### TASK OBJECTIVE
Would you transcribe the records below from the line with "Birdseed engagement tools" to the line with "YSL Cabas Small Leather Shopper Azure", ends included, exactly and with nothing more, leaving the pictures out?

------ DATA TO PROCESS

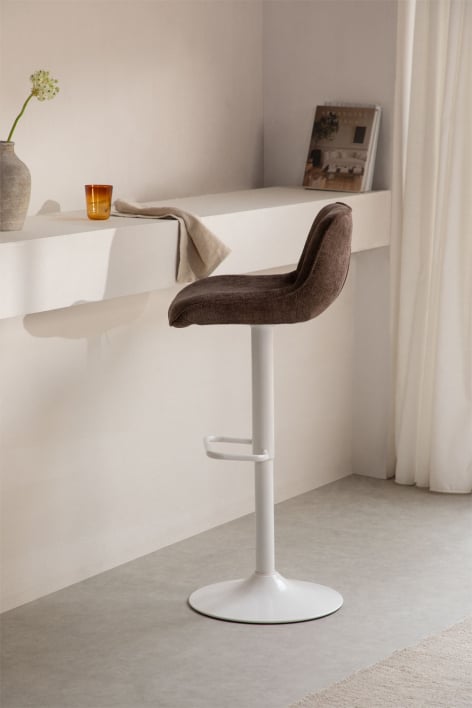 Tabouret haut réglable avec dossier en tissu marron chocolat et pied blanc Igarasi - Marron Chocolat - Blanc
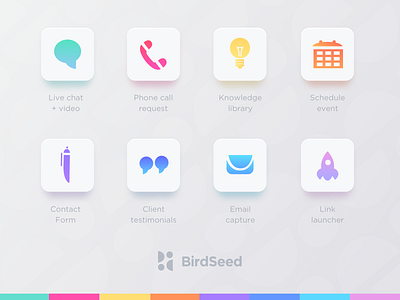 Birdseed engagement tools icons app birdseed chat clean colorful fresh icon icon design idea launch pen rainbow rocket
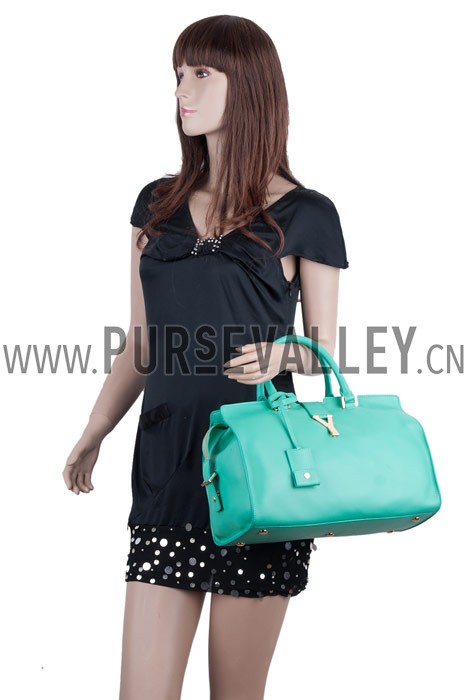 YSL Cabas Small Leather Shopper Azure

------------
------ DATA TO PROCESS

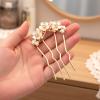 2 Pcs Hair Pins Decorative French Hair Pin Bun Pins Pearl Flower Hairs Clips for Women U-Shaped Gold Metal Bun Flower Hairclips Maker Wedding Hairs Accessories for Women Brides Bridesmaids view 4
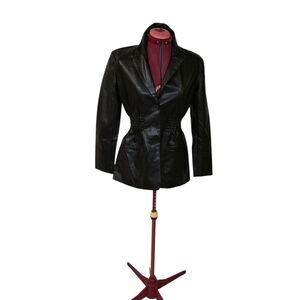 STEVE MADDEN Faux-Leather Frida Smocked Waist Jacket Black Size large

------------

### SOLVED EXERCISE
 Birdseed engagement tools icons app birdseed chat clean colorful fresh icon icon design idea launch pen rainbow rocket
 YSL Cabas Small Leather Shopper Azure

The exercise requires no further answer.